Thursday, Oct. 27, 2011 | 11:26 a.m.
Southern Nevada’s plethora of Democratic congressional candidates no longer have an excuse to delay announcing which district they will run for next year.
Carson District Judge James T. Russell today approved new district maps drawn by his three court masters after weeks of public hearings and number crunching.
Neither Republicans nor Democrats voiced an objection to the maps that reject the GOP argument that Hispanic voters were entitled to a majority-minority district under the Voting Rights Act.
Republicans failed to prove that Hispanics live in a compact enough area to draw a majority-minority district in Nevada or that whites vote as a bloc against Hispanic-preferred candidates. Both conditions had to be met in order to invoke the Voting Rights Act, the judge decided.
“I don’t believe the (Voting Rights Act) is even an issue,” Russell said.
Neither side said they are likely to seek a reversal of Russell’s decision in federal court or the Nevada Supreme Court, meaning the congressional districts are likely set for the 2012 election.
“We don’t think there’s much more to do there,” said Mark Hutchison, a lawyer for the Nevada Republican Party.
Five Democrats have announced plans to run for Congress but have waited to declare which districts they will run in until the lines are approved. Under the new maps, Democrats have two safe districts in Clark County, Republicans have a safe Northern Nevada district and U.S. Rep. Joe Heck's district has a slight Democratic advantage.
While the congressional district maps appear to be settled, the possibility still exists for a showdown at the Nevada Supreme Court over the Assembly and Senate district maps.
Lawyers for both Republicans and Democrats said they need to review changes that Russell made to the Senate districts drawn by the masters before deciding whether to appeal to the Nevada Supreme Court.

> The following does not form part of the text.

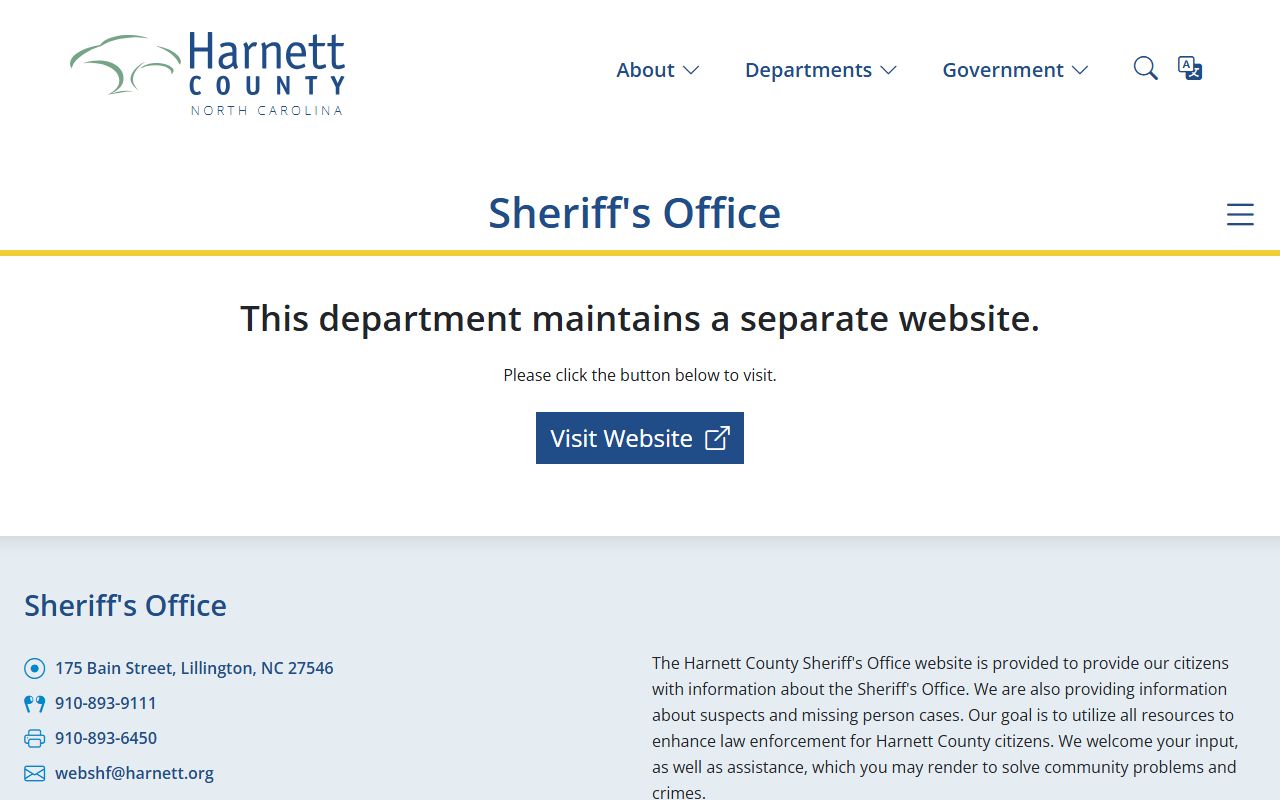Harnett County Sheriff's Office jail mugshots and booking records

Republicans had objected to the way the masters drew the Senate districts, arguing they gave an unfair advantage to Democrats in three Southern Nevada districts.
Russell rejected that argument, but said state Sen. Barbara Cegavaske’s district was too irregularly shaped to comply with the law. His changes had little impact on the partisan registration of the three districts Republicans objected to.
The Nevada Supreme Court has scheduled a Nov. 15 hearing on several legal arguments in the redistricting case, including whether the governor had the authority to veto the redistricting maps passed by the Legislature.